«Il nous faut reprendre le pouvoir sur le numérique»

Pierre Mongin, auteur de plusieurs ouvrages sur le mindmapping (cartes mentales), évoque quelques points importants de La Stratégie du Post-it et du kanban personnel, son avant-dernière parution chez InterEditions.

«Il nous faut reprendre le pouvoir sur le numérique»

La Gazette. Qu’est-ce donc que la «stratégie du Post-it» ?

Pierre Mongin. La stratégie du Post-it sert à reprendre la main sur le numérique qui vous oblige à répondre immédiatement à des sollicitations toujours plus nombreuses, sans laisser de temps de réfléchir. Et cela dans un environnement où il faut tenir compte du fait que notre mémoire à court terme est limitée à sept éléments et 30 secondes ! Que retiendrez-vous de cet article une fois sa lecture terminée ? C’est pour cela qu’une prise de notes sur un papier ou un Post-it vous servira de mémoire externe. Le Post-it a aussi une autre particularité, celle de pouvoir être déplacé et recollé. Ces deux propriétés − mémoire externe et mobilité − sont alors utilisées pour se créer des plannings (les Kanban), modifiables en temps réel sans devoir réécrire la liste de nos actions et leurs priorités. Nous reprenons le pouvoir de gestion de notre temps sans la pression du numérique. La stratégie du Post-it nous permet donc de prioriser nos idées et actions et de nous concentrer sur une ou deux actions à faire aujourd’hui.

 Et le “kanban personnel” ?

Le kanban personnel est une transposition du kanban employé dans les usines Toyota. Il a pour objectif de limiter les stocks d’en cours. On achève ce qui est commencé et on arrête de commencer à démarrer de nouvelles tâches, tant que le stock d’actions en cours n’est pas terminé.

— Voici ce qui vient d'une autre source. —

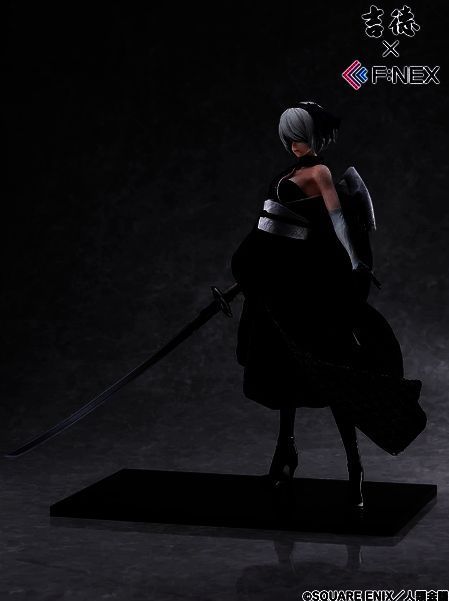 《尼尔:机械纪元》2B 人形娃娃相关图片 2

Cela donne un tableau de bord avec des Post-it sur lesquels vos tâches sont inscrites. Les Post-it sont accrochés et déplacés en fonction de leur réalisation. Selon les cas, vous créerez des petits tableaux dans votre agenda, sur un mur de votre bureau personnel ou d’un couloir pour partager l’avancement d’un projet avec votre équipe. Là encore, nous avons une vue globale de l’avancement de notre travail et de celui de nos collègues sans allumer d’ordinateur.

 Vous vous méfiez beaucoup de l’emprise du numérique sur notre quotidien. Vous opposez au numérique l’analogique. Qu’est-ce donc précisément ?

La stratégie du Post-it part du constat que notre vie est totalement fragmentée par le numérique : appels téléphoniques, SMS, e-mails, ordinateur. Or, la communication est composée à la fois d’analogique et de numérique. L’analogique c’est l’ensemble de tous ces signaux non verbaux, les mimiques de votre interlocuteur qui vous font comprendre plein de choses que ne pourra jamais faire le numérique. Il nous faut reprendre le pouvoir sur le numérique en retrouvant de l’unité dans nos actions.

 Peut-on se passer du numérique quand on sait qu’aujourd’hui tout va vite, en particulier dans les milieux économiques ?

D.R.Le problème n’est pas de se passer du numérique mais de jouer des complémentarités entre le papier et le numérique. Un Post-it a un poids. Lorsqu’on le déplace, on lui donne une certaine énergie. Le plaisir d’avoir terminé une tâche et de froisser le papier une fois celle-ci achevée est particulièrement jouissif. Notre cerveau nous libère alors de la dopamine, et donc du plaisir.